Global transcriptomic responses orchestrate difenoconazole resistance in Penicillium spp. causing blue mold of stored apple fruit

Authors: LITCHNER, FRANZ - Oak Ridge Institute For Science And Education (ORISE); Gaskins, Verneta; COX, KERIK - Cornell University; Jurick, Wayne

Submitted to: BioMed Central (BMC) Genetics
Publication Type: Peer Reviewed Journal
Publication Acceptance Date: 8/12/2020
Publication Date: 8/24/2020
Citation: Litchner, F.J., Gaskins, V.L., Cox, K., Jurick II, W.M. 2020. Global transcriptomic responses orchestrate difenoconazole resistance in Penicillium spp. causing blue mold of stored apple fruit. BioMed Central (BMC) Genetics. https://doi.org/10.1186/s12864-020-06987-z.
DOI: https://doi.org/10.1186/s12864-020-06987-z

Interpretive Summary: Antimicrobial resistance (AMR) is a widespread problem that occurs in medical, veterinary, and agriculturally relevant microbes upon repeated use of antibiotics and fungicides. Tactics to abate AMR have been slow to advance due to the lack of fundamental knowledge on how these pathogens develop. AMR interferes with agricultural product quality in apple fruit, which are stored for 6 to 12 months, and are highly vulnerable to rot without fungicide application. These fungi cause product loss, reduce fruit quality, and produce mycotoxins (e.g. patulin) that impact human health. Recently, difenoconazole-resistant Penicillium spp. isolates causing apple blue mold have been detected in packing and storage environments in the United States. Hence, we sought to compare the genetic changes in a fungicide-resistant and sensitive blue mold isolates. We found differences in the expression of genes involved in pump activation and metabolism that will be used to design detection tools for monitoring storage and packinghouse environments.
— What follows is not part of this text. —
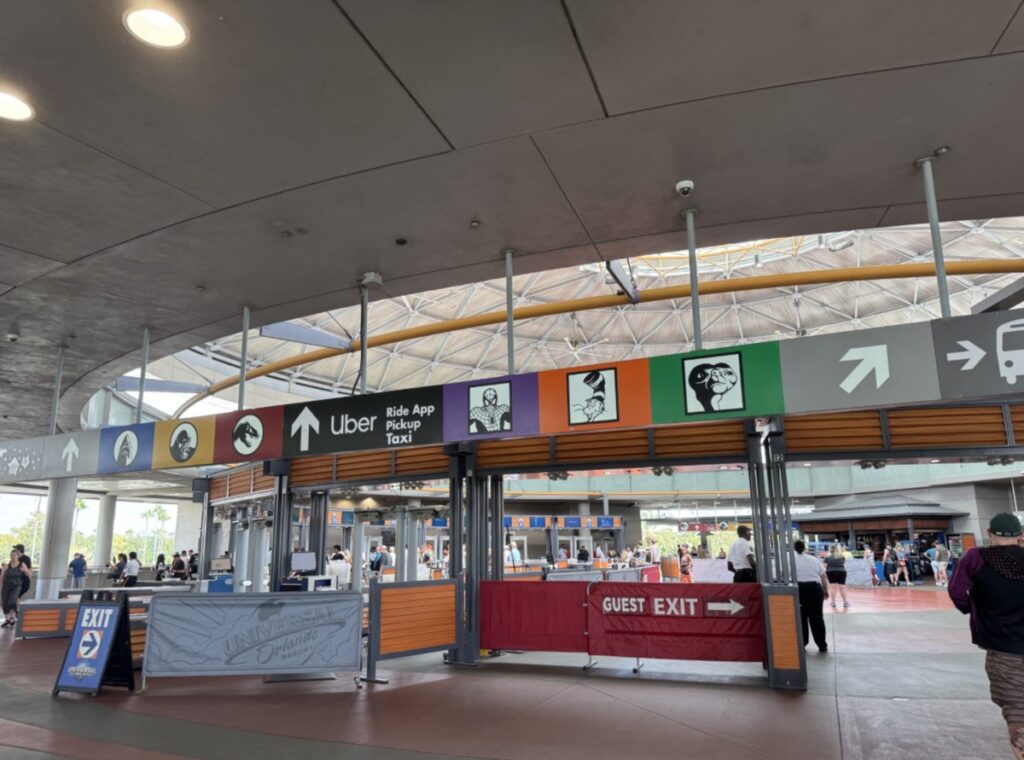 Estacionamento Universal Orlando: setores com com nomes de personagens marcantes.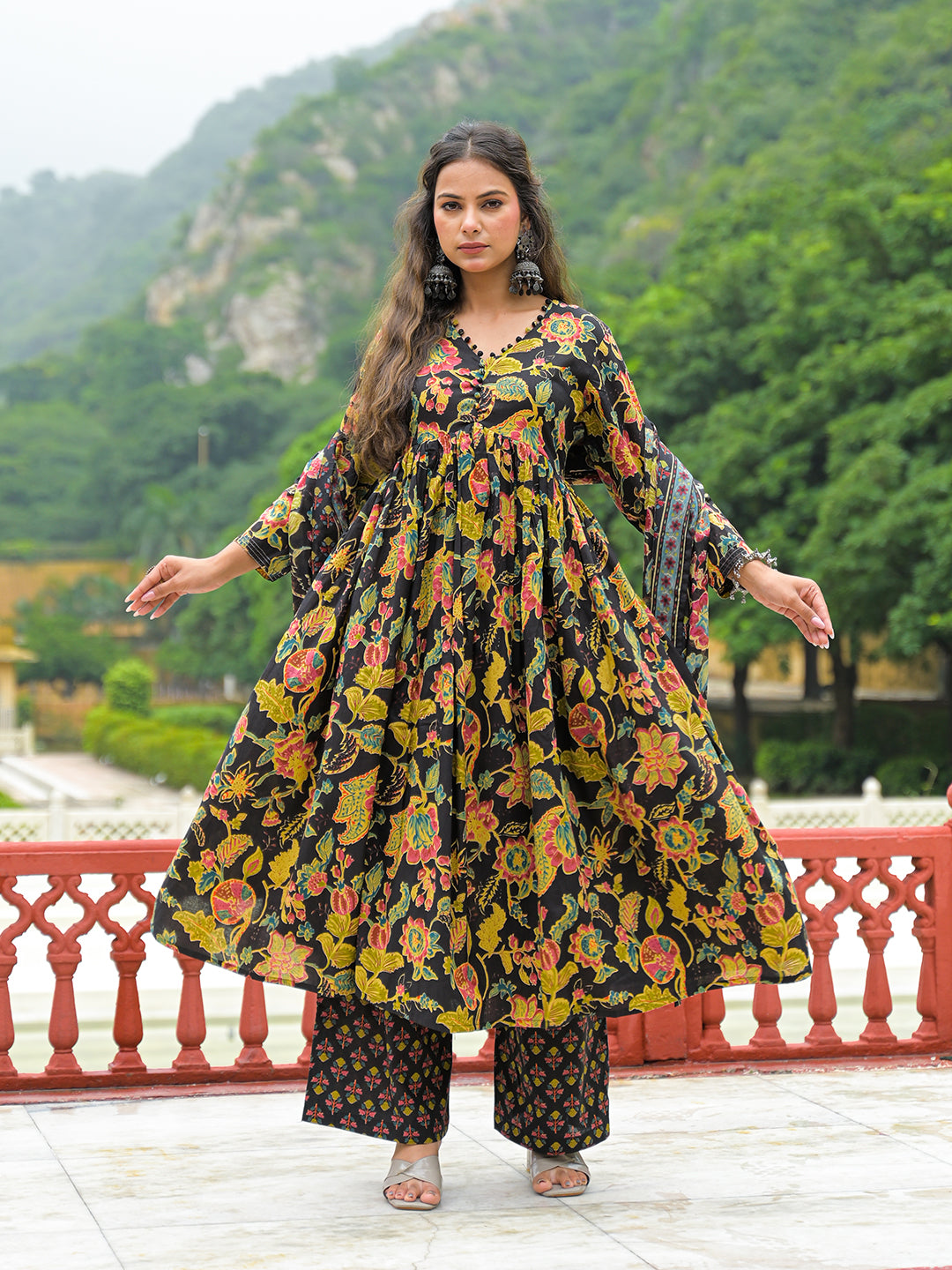 Noe Velarro Black Cotton Straight Kurta Pant With Dupatta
Technical Abstract: Blue mold decay is a globally important and economically impactful postharvest problem of apple caused by multiple Penicillium spp. There are currently four postharvest fungicides registered for blue mold control, and some isolates have developed resistance manifesting in decay on fungicide-treated fruit during storage. Critical information on fungicide resistance mechanisms have not been explored in this fungus via a transcriptomic approach nor have they been coupled with in vitro studies to provide biologically relevant information to confirm new resistance mechanisms. We have conducted a comparative transcriptomic study by exposing a naturally difenoconazole (DIF) resistant (G10) and sensitive (P11) blue mold isolates to technical grade DIF, an azole ingredient in the postharvest fungicide Academy (Syngenta Crop Protection, LLC). Dynamic changes in gene expression patterns were observed encompassing candidates involved in active efflux, metabolism, and signal transduction between the resistant and sensitive isolates. Amongst these were cytochrome P450 monoxygenase, in which 3 isoforms were detected and activated in both sensitive and resistant strains upon DIF treatment. Active efflux pumps were coordinately regulated in the resistant isolate and were shown to mediate the global resistance mechanism as their inhibition reversed the DIF-resistant phenotype in vitro. Our results support the observation that global changes at the transcriptional level are a biologically significant contributor of the DIF resistance mechanism in Penicillium spp. While the dogma of CYP51 overexpression is supported in the resistant isolate, our studies shed light on additional mechanisms on a global scale in Penicillium spp. These new findings broaden our fundamental understanding of azole fungicide resistance in fungi, which has identified multiple genetic targets, that can be used for the detection, management, and abatement of difenoconazole-resistant blue mold isolates during storage.